All-New X-Men #15 Review
Remember that scene towards the end of The Shawkshank Redemption where Red finds the box that Andy had hidden? When…
Remember that scene towards the end of The Shawkshank Redemption where Red finds the box that Andy had hidden? When Tim Robbins is doing the voice over of the letter and says, “If you’ve come this far, maybe you’re willing to come a little further.” That’s basically how this issue of All-New X-Men feels. The last issue before the next cross-over event, Battle of the Atom, starts is pretty much the “filler” issue.
The thing that is going to leave readers the most divided on this issue is the art. With Marvel double shipping, and artists already having large workloads, books having rotating art teams is pretty unavoidable. A lot of times it’s not even a big deal. There might be a few noticeable differences such as stronger lines, or the way that a characters brow is illustrated, but one can usually read through without distraction. That is not the case with All-New X-Men #15. David Lafuente’s art is going to stand out to anyone who has been reading this series since the first issue. The difference in style exacerbates the juvenile feel of the issue.
A lot of the dialogue feels immature. Granted, this could be a reflection of the original X-Men being young and brash, but it almost feels like reading a #1 of yet another X-Title being launched. Young X-Men, maybe? Bobby Drake and Scott Summers are still complaining about how much more expensive everything is in the future, and reaching new levels of boredom.

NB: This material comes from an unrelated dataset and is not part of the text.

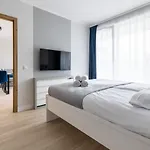 Nr 5 Cetniewo Osada, Władysławowo, Duży Taras, Parking Podziemny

This sets up Scott being away from the mansion (and as a result, Jean) as he and Bobby decide to go out and try to find something to do. Jean is the stand out in this issue, not because of the moments with Beast, but becasue Rachel Grey has finally returned to the mansion. The panels that show the awkard tension between the two is definitely the highlight of the issue.

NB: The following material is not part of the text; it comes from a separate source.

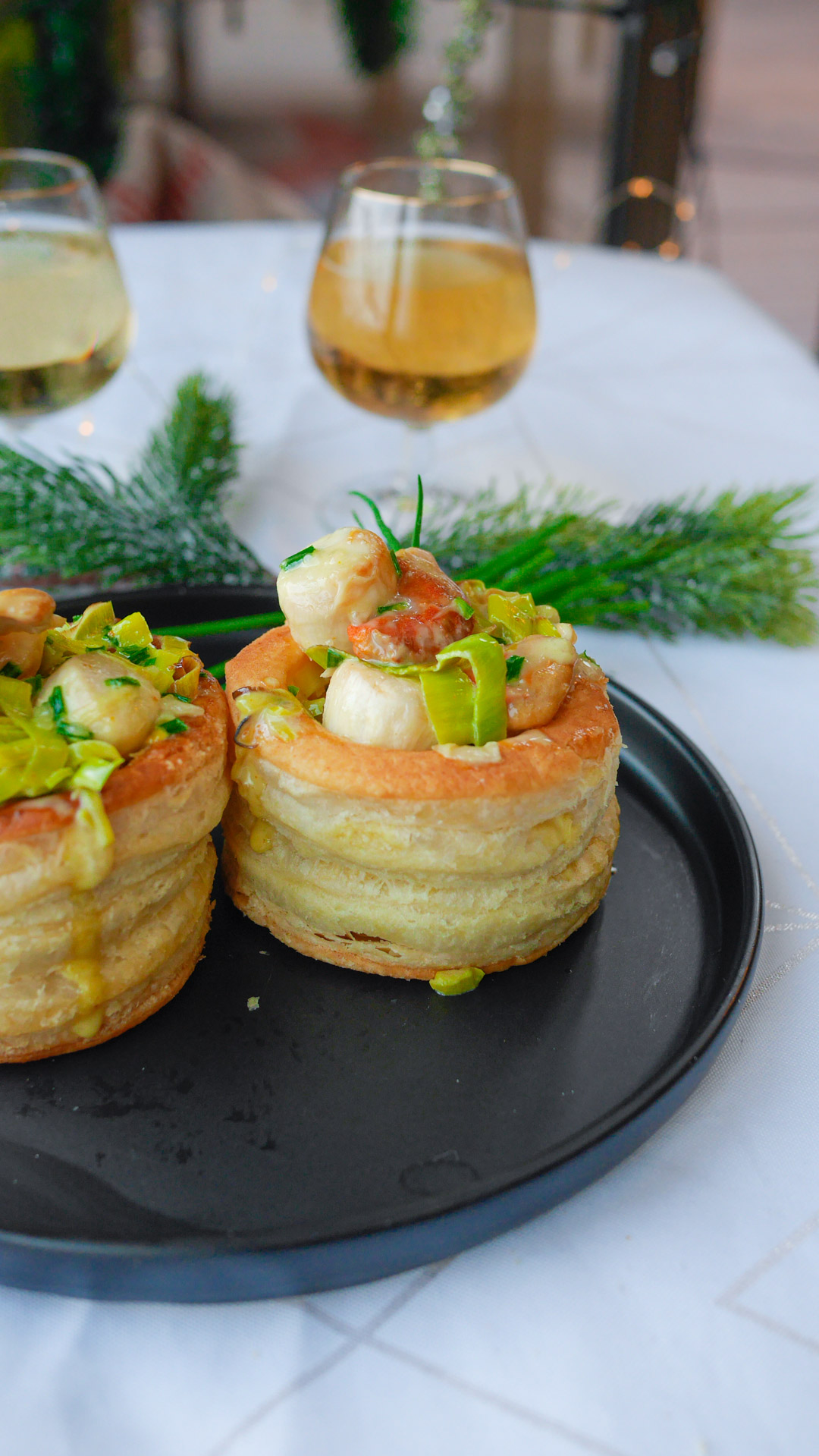 Bouchées à la reine, vin blanc, décor festif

Then there’s the whole Beast in love with Jean thing. It felt odd and out of place. On one hand, Hank McCoy should know better than to get carried away with his thoughts when in the presence of a younger, but perhaps more powerful, Jean. On the other, Beast’s recklessness is kind of what got this entire series started. It felt unnatural, and forced into the plot, as if the decision was made on the pretense of “Which characters haven’t hooked up yet?” It does, however, continue along the theme that drastic changes are being made to the timeline, adding to the theme to next month’s Battle of the Atom.
Overall, as an issue to set up the next big Marvel event All-New X-Men #15 falls short, and will leave readers feeling a little slighted.